Artwork by Spencer Douglass Crockwell
Spencer Douglass Crockwell was born in Columbus, Ohio, on April 29, 1904. His family was a comfortable middle-class household: his mother the daughter of an attorney and his father a mining engineer. At the age of three, his family relocated to Saint Louis, Missouri, where he attended elementary school and then Washington University, studying business. As an undergraduate, Crockwell also took courses at the St. Louis School of Fine Arts, which ultimately prompted him to change his studies.

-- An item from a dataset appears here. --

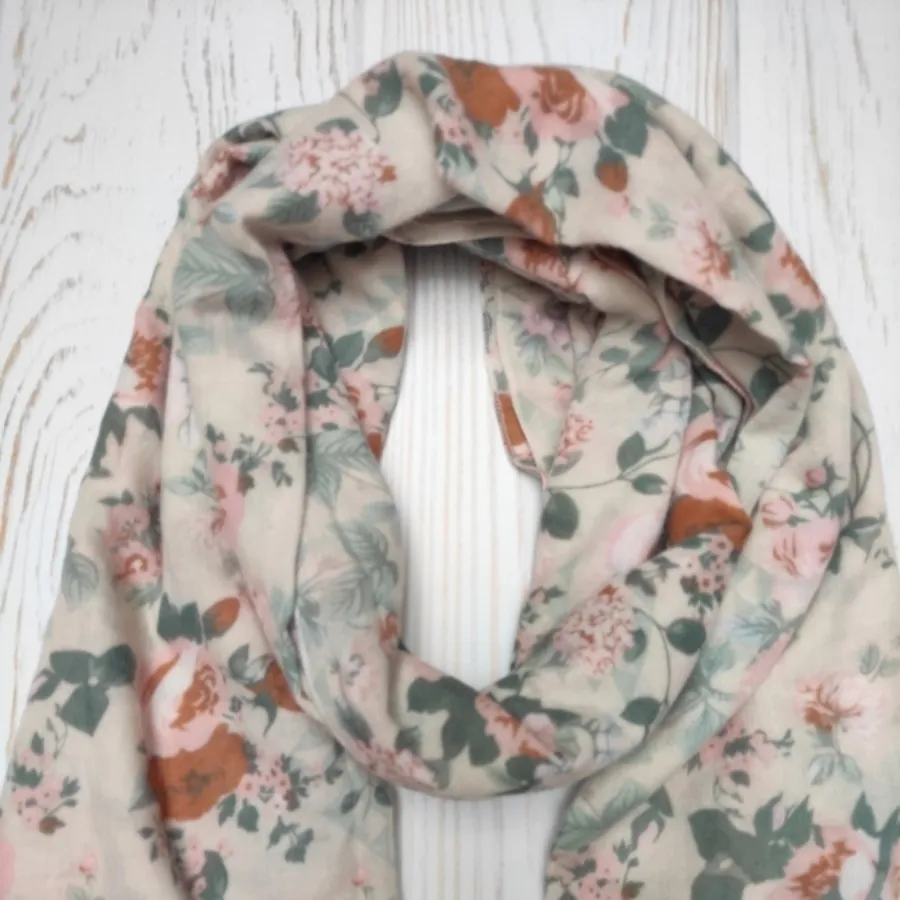 شال وارداتی نخی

Crockwell graduated with a business degree from Washington University in 1926; but he continued his studies at the School of Fine Arts until 1929. The next year, he relocated to Chicago to continue his studies at the American Academy of Art. Receiving a Traveling Fellowship, Crockwell studied in Europe in 1930 and 1931. He moved to Glens Falls, New York, in 1932, marrying Margaret Braman and raising a family in the town he considered his home for life.
During the Depression years, Spencer Crockwell created three federally commissioned murals for the Works Progress Administration (WPA),.In 1937 he completed an oil on canvas mural entitled “Vermont Industries” for the White River Junction post office in Vermont. Crockwell painted another oil on canvas mural in 1938 entitled “Endicott: Excavating for the Ideal Factory” for the Endicott, New York post office. His “Signing of the Treaty of Dancing Rabbit Creek” was completed in 1944 for the post office in Macon, Mississippi.

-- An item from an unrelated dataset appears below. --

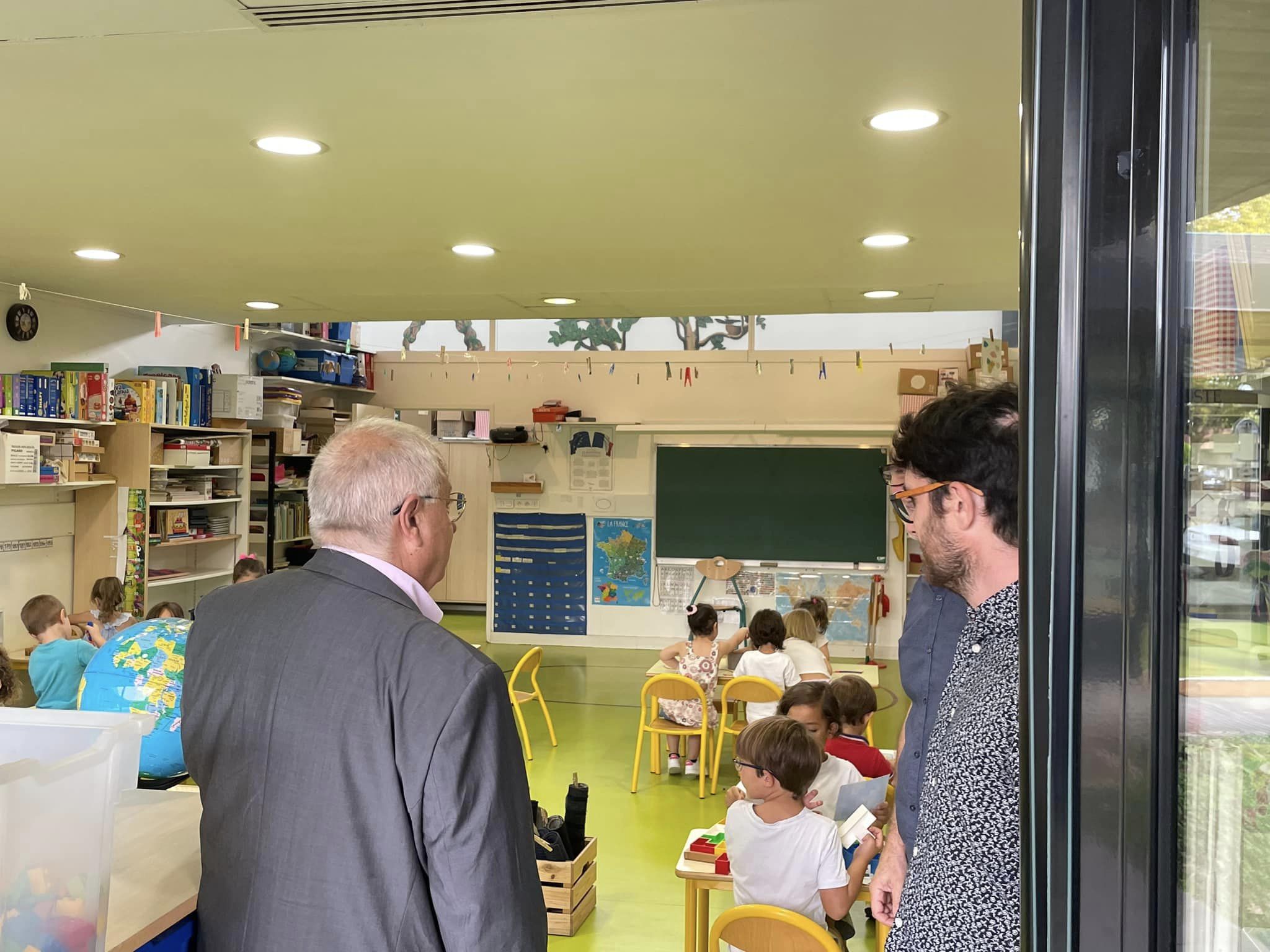 tournée des écoles par Jean-François Egron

The Finch Pruyn & Company, the leading Glens Falls company in his home town, is the site for his 1934 “Paper Workers” mural. That same year Crockwell began experimenting in film making, initially creating low-cost flip-card animation films ween through a mutoscope. In the years 1936-1937, he created surrealistic films with his collaborator sculptor Dave Smith.
The United States Brewers Foundation hired Crockwell in 1947 for its “Beer Belongs” campaign, whose goal was to make beer a part of a wholesome American lifestyle. The campaign ran for ten years producing 136 advertisements by various artists, roughly half which were done by Spencer Crockwell. Like Norman Rockwell during this period, Crockwell illustrated many cover illustrations for The Saturday Evening Post, sometimes just signing his work as Douglass.
Spencer Crockwell was a founding trustee and the first director of The Hyde Collection, a respected art museum in Glens Falls, New York.. He received many awards, including the 1947 Art Directors Club of New York Gold Medal for best poster and the 1957 Los Angeles Art Directors Award for best painting. His paintings can be seen in many museums, public buildings, and in the permanent collection of The Smithsonian.